**Data in this exercise:**
↓↓↓

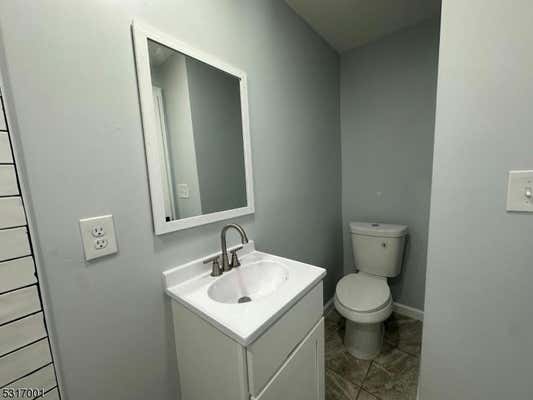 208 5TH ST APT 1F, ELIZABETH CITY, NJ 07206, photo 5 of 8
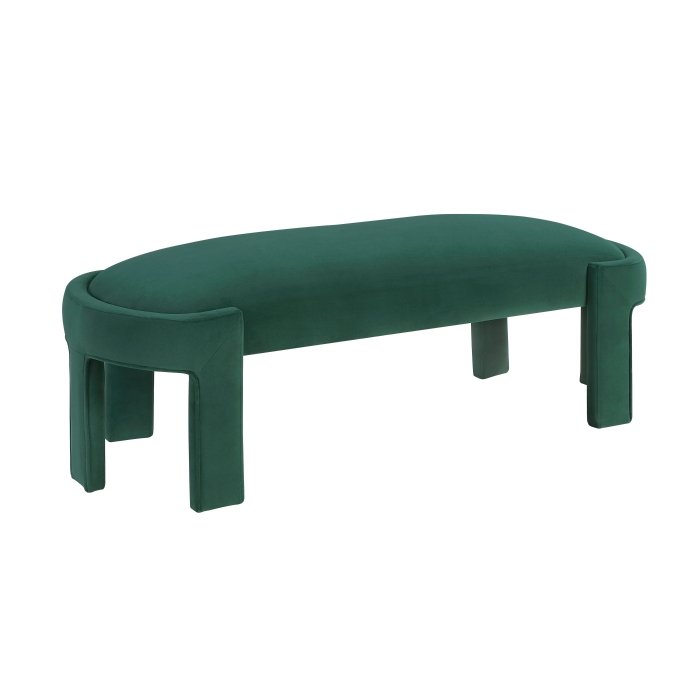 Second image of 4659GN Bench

↑↑↑
↓↓↓

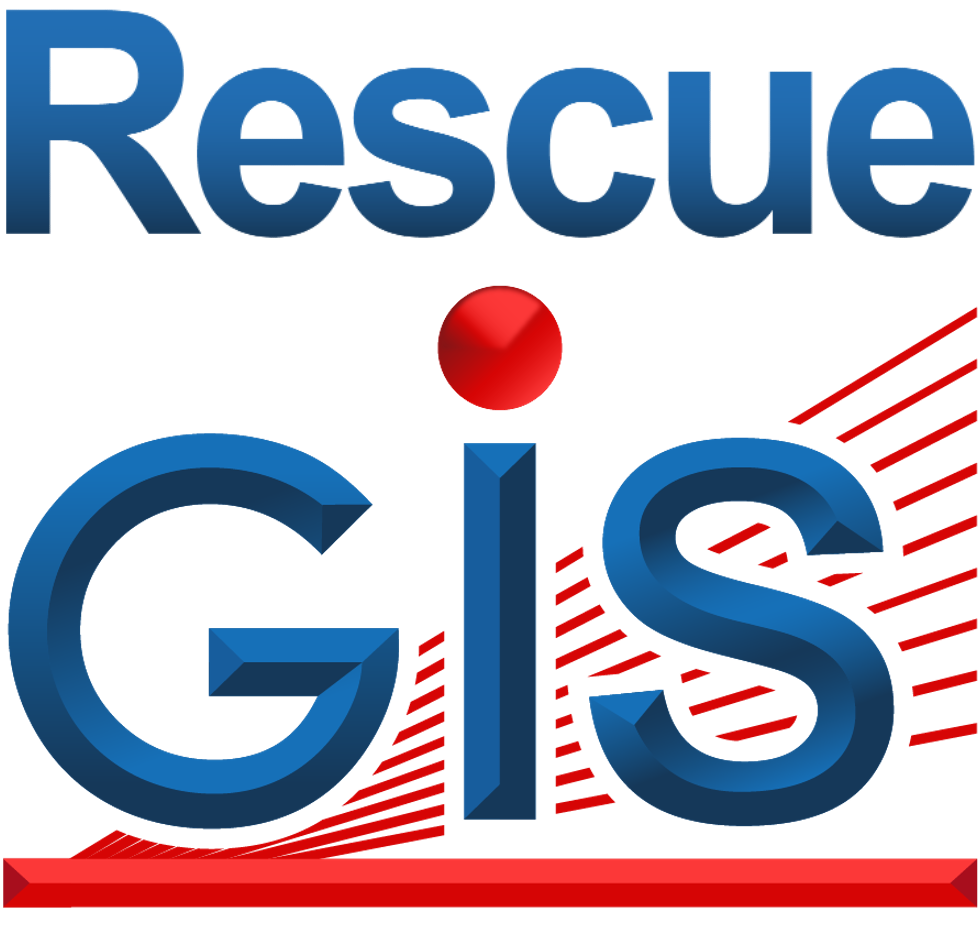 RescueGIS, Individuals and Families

↑↑↑

**Required work:**
Leave the pictures out, and transcribe exactly the lines above starting at the one that contains "208 5TH ST APT" and ending at the one that contains "Second image of 4659GN Bench".

**Solved problem:**
 208 5TH ST APT 1F, ELIZABETH CITY, NJ 07206, photo 5 of 8
 Second image of 4659GN Bench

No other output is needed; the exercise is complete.